6
Прошло четыре дня, прежде чем Костоправ смог наконец выехать из Таглиоса. Большую часть этого времени он провел в спорах с Радишей. Меня на их встречи не приглашали, но, судя по тому, что удавалось узнать от Корди Мэзера, споры там шли ожесточенные. А ведь Корди наверняка не слышал и десятой части сказанного.

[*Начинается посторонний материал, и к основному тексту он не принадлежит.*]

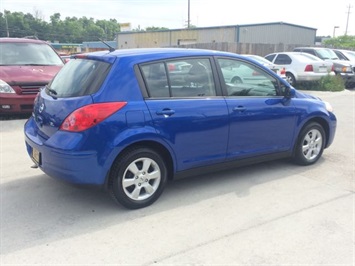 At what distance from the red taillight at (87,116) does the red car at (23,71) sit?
14.6ft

Сдается мне, что в последнее время Корди не слишком устраивала отведенная ему роль, поскольку Радиша, кажется, начинала относиться к нему так, как некоторые облеченные властью мужчины относятся к своим любовницам. С обязанностями командира княжеской гвардии он справлялся отменно, но Баба, похоже, считала его игрушкой, которой нельзя доверить ничего серьезного.
Впрочем, нет худа без добра: не будь он раздосадован таким отношением, не стал бы, наверное, рассказывать мне об этом конфликте.

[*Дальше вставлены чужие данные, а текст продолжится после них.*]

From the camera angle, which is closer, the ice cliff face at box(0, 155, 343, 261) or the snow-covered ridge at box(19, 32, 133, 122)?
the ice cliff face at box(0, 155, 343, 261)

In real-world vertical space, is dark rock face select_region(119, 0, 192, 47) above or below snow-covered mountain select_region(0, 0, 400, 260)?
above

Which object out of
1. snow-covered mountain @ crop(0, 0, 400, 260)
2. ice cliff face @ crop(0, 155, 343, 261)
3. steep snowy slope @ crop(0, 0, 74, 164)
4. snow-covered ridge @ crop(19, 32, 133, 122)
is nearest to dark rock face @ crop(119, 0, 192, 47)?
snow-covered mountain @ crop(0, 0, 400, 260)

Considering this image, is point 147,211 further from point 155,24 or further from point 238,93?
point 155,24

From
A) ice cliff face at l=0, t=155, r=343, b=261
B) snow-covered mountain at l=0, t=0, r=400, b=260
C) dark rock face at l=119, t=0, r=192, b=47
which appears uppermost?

– Небось, все то же, что и раньше? – спросил я. – Расходы?
Не один год Костоправ вынуждал Радишу приобретать миллионы стрел, сотни тысяч копий и дротиков, десятки тысяч пик, седел и сабель. Склады ломились от мечей и щитов. Старик скупал метательные орудия в комплекте с ящиками снарядов. Вьючных и тягловых лошадей, мулов и бычьи упряжки он добывал тысячами и даже обзавелся слонами – как боевыми, так и рабочими. Строевого леса накопилось достаточно, чтобы воздвигнуть не один город. На подводах в разобранном виде лежала тысяча коробчатых змеев, каждый из которых мог поднять человека.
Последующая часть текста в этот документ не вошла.